Transcriptome analysis of Brenneria goodwinii inoculations on live oak logs. (a) Principal component analysis (PCA) of (top) B. goodwinii (n = 3) compared to control (n = 6); (bottom) B. goodwinii and A. biguttatus compared to control (n = 6). (b) Geneset enrichment analysis (GSEA) of B. goodwinii gene families when compared to (left) water and wound control oak logs; (right) B. goodwinii inoculated in combination with A. biguttatus when compared to B. goodwinii only. The lower q-value represents increased magnitude of gene family expression and circle size represents number of genes per family. (c) Gene expression changes of selected significantly differentially expressed genes, these are anti-toxicity genes (yellow), biofilm and persistence genes (purple), secretion system effectors (blue): (top) B. goodwinii compared to control; (bottom) B. goodwinii and A. biguttatus compared to control.
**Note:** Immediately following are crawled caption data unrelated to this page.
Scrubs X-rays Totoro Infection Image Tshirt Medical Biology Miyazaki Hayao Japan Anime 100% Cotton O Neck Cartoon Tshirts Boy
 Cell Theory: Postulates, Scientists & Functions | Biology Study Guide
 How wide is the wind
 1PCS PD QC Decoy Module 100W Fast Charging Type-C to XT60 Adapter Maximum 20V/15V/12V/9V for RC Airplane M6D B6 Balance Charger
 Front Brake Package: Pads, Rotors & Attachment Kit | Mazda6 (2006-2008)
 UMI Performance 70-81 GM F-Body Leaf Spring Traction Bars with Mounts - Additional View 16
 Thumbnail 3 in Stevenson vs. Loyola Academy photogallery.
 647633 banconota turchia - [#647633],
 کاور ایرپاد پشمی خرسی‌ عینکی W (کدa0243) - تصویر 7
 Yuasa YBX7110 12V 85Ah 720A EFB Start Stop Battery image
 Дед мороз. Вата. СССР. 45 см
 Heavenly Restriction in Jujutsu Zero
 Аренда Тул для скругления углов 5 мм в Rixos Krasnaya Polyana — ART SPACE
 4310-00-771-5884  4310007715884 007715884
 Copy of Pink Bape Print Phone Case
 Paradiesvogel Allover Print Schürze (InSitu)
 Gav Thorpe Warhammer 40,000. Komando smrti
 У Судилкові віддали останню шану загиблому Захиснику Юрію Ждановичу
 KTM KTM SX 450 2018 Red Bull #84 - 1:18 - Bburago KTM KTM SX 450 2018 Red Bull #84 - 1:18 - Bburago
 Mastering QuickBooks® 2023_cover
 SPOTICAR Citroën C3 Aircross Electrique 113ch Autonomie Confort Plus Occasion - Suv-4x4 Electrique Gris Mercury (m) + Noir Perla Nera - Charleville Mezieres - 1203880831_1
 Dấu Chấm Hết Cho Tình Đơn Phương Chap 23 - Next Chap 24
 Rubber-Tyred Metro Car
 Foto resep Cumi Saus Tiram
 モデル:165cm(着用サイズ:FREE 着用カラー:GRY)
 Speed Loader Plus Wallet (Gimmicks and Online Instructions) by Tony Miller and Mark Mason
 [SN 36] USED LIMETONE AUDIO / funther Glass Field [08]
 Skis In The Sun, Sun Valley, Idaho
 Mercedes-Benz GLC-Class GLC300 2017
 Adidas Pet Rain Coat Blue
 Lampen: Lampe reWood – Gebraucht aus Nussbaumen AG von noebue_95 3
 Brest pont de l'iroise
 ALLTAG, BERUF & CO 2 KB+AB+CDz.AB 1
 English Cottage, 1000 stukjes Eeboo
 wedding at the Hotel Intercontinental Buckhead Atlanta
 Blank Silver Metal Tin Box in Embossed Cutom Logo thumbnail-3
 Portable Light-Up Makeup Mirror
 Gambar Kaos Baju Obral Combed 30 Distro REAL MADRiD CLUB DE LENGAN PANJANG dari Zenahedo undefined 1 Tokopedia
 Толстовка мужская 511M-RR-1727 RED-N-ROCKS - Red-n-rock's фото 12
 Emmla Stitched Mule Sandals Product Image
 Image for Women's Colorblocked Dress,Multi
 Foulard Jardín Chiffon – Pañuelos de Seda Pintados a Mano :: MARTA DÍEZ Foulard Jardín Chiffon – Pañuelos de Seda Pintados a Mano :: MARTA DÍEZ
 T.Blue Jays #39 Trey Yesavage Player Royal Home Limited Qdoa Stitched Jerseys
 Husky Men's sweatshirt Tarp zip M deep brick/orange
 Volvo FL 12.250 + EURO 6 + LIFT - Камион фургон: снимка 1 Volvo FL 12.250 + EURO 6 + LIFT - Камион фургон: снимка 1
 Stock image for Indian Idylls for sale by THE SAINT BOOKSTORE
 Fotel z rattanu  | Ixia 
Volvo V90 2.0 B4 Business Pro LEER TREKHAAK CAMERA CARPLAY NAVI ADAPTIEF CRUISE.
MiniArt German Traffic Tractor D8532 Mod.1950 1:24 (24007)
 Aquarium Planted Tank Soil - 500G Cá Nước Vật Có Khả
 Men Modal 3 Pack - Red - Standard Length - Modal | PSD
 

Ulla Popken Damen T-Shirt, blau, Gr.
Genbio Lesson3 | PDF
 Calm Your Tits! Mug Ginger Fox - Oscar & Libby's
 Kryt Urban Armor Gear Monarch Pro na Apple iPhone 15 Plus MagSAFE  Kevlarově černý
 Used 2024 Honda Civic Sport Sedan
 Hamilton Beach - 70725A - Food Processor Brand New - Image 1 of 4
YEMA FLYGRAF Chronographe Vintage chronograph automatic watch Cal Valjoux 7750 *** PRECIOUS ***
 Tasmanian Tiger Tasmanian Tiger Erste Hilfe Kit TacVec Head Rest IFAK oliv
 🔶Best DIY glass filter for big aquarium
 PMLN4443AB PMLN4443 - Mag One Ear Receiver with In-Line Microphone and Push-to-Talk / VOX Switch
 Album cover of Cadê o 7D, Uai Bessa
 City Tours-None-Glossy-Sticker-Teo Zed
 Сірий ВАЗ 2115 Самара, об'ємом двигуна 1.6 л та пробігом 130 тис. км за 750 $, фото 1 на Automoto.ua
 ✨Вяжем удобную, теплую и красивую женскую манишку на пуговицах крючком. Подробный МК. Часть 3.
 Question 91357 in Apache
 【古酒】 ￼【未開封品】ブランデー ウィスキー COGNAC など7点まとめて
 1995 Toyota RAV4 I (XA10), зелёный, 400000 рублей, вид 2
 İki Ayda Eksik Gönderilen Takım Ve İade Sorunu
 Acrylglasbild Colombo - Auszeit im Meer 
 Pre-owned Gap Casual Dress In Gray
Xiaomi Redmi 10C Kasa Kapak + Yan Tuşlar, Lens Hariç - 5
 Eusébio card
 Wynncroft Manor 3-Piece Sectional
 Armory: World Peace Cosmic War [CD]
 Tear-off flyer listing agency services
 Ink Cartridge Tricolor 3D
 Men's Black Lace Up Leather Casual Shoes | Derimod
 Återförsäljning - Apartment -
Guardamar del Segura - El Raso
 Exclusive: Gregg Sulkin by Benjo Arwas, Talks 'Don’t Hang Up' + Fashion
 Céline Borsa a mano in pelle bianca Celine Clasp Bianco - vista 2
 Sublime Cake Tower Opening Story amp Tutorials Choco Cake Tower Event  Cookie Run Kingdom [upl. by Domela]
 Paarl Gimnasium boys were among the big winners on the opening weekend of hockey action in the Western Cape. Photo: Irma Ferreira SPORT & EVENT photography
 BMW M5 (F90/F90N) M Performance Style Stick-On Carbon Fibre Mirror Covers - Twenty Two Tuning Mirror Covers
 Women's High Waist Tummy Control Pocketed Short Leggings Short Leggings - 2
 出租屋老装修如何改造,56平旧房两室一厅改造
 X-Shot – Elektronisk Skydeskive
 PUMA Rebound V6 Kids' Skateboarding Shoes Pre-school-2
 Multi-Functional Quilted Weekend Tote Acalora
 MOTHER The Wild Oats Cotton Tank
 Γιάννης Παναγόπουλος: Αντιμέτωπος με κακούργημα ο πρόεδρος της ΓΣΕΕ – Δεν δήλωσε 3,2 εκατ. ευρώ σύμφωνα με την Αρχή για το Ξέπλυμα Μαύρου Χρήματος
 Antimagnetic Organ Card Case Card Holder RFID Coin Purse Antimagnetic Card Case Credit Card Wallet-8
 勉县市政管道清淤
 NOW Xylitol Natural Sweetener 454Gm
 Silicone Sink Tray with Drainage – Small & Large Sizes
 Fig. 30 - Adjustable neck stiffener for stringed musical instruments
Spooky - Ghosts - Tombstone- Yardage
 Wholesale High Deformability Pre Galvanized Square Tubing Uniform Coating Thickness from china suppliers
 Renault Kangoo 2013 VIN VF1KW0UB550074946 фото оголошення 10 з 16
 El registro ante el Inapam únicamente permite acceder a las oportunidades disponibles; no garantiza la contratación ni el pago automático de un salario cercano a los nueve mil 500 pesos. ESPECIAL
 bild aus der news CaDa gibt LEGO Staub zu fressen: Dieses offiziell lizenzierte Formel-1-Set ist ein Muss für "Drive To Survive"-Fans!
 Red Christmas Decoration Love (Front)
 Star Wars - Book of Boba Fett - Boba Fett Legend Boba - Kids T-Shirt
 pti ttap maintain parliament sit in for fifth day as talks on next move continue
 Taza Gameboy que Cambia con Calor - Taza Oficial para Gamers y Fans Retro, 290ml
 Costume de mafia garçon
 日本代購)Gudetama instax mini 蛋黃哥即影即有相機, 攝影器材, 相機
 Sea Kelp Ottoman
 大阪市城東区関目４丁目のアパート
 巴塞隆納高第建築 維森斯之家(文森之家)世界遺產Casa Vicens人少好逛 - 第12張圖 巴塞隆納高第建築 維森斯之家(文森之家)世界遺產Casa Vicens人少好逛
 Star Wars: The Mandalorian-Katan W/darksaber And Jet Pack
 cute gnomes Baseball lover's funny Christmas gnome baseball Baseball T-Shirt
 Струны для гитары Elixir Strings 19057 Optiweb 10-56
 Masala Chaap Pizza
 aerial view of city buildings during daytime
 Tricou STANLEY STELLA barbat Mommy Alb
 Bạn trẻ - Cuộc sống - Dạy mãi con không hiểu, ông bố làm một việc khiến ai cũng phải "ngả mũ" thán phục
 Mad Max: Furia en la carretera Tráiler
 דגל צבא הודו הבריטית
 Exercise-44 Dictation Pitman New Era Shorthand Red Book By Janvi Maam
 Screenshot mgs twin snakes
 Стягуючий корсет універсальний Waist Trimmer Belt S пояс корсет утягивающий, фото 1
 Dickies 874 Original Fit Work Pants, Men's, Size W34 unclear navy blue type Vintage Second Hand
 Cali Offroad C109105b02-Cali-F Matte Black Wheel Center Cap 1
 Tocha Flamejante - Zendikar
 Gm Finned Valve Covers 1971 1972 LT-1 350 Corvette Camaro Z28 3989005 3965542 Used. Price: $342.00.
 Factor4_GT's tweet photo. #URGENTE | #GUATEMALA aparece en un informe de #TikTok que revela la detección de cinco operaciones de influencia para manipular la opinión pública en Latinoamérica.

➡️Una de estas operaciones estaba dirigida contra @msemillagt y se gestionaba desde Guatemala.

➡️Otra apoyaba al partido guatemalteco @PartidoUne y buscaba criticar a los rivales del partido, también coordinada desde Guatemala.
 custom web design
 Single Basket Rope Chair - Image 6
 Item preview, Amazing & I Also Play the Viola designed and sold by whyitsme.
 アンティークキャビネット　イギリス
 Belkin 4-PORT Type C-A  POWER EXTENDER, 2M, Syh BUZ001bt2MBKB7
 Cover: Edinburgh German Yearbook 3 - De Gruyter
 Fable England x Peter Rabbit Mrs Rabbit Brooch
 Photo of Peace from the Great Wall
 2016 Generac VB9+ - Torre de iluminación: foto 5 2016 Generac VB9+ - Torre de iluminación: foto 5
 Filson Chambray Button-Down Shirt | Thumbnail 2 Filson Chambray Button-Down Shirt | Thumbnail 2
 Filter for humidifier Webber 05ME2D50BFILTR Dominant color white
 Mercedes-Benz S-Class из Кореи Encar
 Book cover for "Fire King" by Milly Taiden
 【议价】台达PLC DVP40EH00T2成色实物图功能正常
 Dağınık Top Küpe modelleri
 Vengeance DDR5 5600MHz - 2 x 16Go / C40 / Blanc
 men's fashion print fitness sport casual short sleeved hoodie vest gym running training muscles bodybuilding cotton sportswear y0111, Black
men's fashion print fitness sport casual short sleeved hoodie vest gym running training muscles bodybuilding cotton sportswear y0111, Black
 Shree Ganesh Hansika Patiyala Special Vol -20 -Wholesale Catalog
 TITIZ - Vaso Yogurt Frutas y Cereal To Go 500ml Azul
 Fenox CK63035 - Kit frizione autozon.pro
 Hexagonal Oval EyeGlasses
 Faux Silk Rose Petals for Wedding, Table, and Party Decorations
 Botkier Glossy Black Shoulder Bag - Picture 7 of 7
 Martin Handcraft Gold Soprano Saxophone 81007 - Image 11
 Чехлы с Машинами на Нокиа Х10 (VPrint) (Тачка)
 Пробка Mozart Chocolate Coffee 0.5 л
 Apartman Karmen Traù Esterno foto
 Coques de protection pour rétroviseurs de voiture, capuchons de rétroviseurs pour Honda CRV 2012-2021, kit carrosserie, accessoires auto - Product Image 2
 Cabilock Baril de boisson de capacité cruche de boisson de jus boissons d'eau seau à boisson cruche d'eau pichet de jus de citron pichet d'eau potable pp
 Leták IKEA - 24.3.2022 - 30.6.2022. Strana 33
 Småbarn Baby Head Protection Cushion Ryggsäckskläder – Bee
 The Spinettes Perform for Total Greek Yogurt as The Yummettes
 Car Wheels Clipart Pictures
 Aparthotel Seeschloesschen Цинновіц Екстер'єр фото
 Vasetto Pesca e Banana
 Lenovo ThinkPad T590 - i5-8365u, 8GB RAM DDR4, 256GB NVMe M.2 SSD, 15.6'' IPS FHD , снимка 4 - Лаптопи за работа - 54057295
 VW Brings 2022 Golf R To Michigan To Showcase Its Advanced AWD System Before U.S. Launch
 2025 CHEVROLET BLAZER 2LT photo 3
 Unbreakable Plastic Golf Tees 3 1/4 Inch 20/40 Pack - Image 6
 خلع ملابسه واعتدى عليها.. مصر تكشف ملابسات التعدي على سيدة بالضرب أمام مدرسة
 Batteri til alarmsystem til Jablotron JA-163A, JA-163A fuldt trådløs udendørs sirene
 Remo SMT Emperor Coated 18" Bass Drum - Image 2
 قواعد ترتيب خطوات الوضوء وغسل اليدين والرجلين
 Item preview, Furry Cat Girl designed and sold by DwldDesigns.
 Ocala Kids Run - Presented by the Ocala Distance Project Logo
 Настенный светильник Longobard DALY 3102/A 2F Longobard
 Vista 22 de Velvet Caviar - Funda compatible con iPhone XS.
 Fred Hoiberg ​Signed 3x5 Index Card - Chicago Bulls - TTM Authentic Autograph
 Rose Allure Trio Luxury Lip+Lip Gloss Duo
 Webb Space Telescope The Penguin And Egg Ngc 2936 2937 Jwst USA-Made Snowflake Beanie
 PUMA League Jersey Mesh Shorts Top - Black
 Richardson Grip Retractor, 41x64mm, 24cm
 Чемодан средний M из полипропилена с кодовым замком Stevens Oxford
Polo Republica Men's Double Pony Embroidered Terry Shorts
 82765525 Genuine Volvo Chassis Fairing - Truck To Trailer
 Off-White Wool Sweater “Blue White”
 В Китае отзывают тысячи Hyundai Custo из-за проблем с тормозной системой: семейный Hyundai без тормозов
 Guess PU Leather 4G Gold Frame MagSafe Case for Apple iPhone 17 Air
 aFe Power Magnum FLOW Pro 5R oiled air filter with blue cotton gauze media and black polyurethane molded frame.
Transcriptome samples were taken from log inoculations of bacterial combinations, wound and water controls, and field samples of AOD lesions and asymptomatic oaks. Bg = Brenneria goodwinii; eggs = A. biguttatus. (Online version in colour.)

The T3SS is a primary virulence factor in seven of the top 10 bacterial plant pathogens [22]. Brenneria goodwinii encodes a complete T3SS and multiple effectors, which is likely to be a key pathogenicity component within AOD tissue necrosis [18]. Within B. goodwinii and A. biguttatus live log inoculations, four T3 effectors are significantly differentially expressed, only one of which is expressed in B. goodwinii only inoculations (figure 2c). Significantly expressed T3 effectors are; HopPtoL (Padj = 0.02), SrfB (Padj = 0.02), AvrE_2 (Padj = 0.015), in addition to AvrE_1 which is significantly differentially expressed in B. goodwinii only and with A. biguttatus inoculations (Padj = 0.04, B. goodwinii inoculation only; Padj = 0.0001, B. goodwinii and A. biguttatus co-infection). The AvrE T3 effector is found in a wide number of bacterial plant pathogens owing to its proclivity for horizontal gene transfer [23]. Notably, within the plant pathogen Pseudomonas viridflava, AvrE is the primary virulence factor [24].

(c). Detoxification genes in B. goodwinii are stimulated by the presence of A. biguttatus, which may neutralize host defences

As described above, co-infection of oak logs with A. biguttatus significantly increases the number of significantly differentially expressed genes within B. goodwinii and stimulates expression of putative pathogen genes. In addition, homologues of genes which neutralize tree defences were expressed. In previous studies, these homologues have been shown to create a desirable environment for pupation and bacterial persistence [25]. The number of significantly differentially expressed genes in B. goodwinii inoculated logs increased from 191 to 552 when A. biguttatus eggs were co-inoculated. Genes upregulated by A. biguttatus eggs and not in B. goodwinii only log inoculations included host defence detoxification genes; catalase peroxidase (Padj < 0.0001; E.C. 1.11.1.21), glutathione reductase (Padj = 0.02; E.C. 1.8.1.7), and glutathione-regulated potassium efflux system (Padj = 0.02). Catalase peroxidase and glutathione reductase are encoded on the same operon; catalase peroxidase (katG) protects against hydrogen peroxide released by host defences [26] and glutathione is a metabolite of isoprene and its derivative terpene, both of which are common in oak trees and used to combat abiotic stress and in high quantities are toxic to bark-boring beetles [7,27,28]. Brenneria goodwinii mediated terpene reduction may exhaust terpene synthesis similar to that of drought stressed oaks which initially produce abundant amounts of terpenes but upon severe drought stress are no longer able to synthesize the volatiles, leaving them open to herbivores [29].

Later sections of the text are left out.